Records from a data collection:
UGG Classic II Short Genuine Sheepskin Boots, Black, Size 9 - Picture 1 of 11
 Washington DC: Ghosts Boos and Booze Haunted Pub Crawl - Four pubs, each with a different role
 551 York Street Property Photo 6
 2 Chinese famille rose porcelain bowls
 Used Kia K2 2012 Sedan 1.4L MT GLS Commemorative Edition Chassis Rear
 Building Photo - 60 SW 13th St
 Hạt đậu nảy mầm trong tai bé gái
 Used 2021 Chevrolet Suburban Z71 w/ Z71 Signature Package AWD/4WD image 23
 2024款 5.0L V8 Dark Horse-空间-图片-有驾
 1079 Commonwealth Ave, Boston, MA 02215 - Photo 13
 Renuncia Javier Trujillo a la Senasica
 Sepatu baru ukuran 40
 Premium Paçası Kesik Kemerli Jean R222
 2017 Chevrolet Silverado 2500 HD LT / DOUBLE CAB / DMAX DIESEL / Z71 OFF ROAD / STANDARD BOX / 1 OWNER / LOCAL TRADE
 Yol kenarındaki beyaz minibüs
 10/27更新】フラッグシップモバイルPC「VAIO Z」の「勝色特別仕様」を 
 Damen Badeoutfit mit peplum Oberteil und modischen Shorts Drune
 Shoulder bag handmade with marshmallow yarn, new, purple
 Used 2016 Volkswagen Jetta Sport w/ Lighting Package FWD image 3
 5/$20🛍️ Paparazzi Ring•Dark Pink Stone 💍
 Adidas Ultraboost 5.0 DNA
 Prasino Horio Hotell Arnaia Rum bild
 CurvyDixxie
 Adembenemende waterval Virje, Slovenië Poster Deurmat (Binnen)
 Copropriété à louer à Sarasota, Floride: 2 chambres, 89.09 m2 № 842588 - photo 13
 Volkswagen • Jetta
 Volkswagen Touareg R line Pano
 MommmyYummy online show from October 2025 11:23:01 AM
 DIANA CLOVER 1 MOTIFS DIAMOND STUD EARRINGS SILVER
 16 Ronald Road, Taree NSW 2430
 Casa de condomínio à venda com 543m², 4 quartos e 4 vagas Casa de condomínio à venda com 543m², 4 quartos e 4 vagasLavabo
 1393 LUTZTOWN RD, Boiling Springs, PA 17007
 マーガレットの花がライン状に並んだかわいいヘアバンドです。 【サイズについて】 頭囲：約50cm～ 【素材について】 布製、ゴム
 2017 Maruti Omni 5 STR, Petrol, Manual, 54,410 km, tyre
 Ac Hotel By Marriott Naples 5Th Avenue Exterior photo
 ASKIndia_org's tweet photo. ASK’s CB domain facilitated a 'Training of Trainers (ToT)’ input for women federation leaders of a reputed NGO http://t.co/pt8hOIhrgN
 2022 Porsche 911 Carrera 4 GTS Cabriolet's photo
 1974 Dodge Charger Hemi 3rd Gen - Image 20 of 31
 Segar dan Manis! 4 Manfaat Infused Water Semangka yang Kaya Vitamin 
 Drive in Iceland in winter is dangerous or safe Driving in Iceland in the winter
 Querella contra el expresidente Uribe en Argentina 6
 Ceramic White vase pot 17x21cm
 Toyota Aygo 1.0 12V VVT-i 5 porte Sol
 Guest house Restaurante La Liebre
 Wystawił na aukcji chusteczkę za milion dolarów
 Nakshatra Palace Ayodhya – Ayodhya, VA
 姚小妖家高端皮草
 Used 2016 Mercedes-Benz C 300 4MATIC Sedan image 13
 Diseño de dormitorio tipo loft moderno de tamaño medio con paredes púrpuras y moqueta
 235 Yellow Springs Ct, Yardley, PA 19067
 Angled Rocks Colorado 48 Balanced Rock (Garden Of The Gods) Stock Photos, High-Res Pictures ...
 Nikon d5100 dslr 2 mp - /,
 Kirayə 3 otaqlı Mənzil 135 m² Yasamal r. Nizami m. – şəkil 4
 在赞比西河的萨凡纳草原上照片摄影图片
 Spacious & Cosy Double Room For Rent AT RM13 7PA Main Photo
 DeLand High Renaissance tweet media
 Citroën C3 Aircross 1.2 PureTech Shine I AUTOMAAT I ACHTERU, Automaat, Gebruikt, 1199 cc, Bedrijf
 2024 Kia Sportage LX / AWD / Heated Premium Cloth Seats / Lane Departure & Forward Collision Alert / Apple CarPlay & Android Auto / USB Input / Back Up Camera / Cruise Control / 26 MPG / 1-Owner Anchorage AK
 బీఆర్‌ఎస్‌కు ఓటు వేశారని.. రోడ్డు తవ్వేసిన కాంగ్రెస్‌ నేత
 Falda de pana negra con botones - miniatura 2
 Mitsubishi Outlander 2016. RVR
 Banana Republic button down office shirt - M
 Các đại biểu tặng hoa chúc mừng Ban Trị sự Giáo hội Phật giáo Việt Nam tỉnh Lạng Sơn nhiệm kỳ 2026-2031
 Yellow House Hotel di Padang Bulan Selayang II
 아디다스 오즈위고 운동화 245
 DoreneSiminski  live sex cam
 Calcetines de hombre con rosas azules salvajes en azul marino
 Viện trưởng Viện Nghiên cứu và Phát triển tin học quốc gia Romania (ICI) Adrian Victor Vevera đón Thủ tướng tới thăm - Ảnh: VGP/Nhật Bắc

Exercise directions: Would you please copy all lines in the data that contain the word "Premium"?

Task answer:
 Premium Paçası Kesik Kemerli Jean R222
 2024 Kia Sportage LX / AWD / Heated Premium Cloth Seats / Lane Departure & Forward Collision Alert / Apple CarPlay & Android Auto / USB Input / Back Up Camera / Cruise Control / 26 MPG / 1-Owner Anchorage AK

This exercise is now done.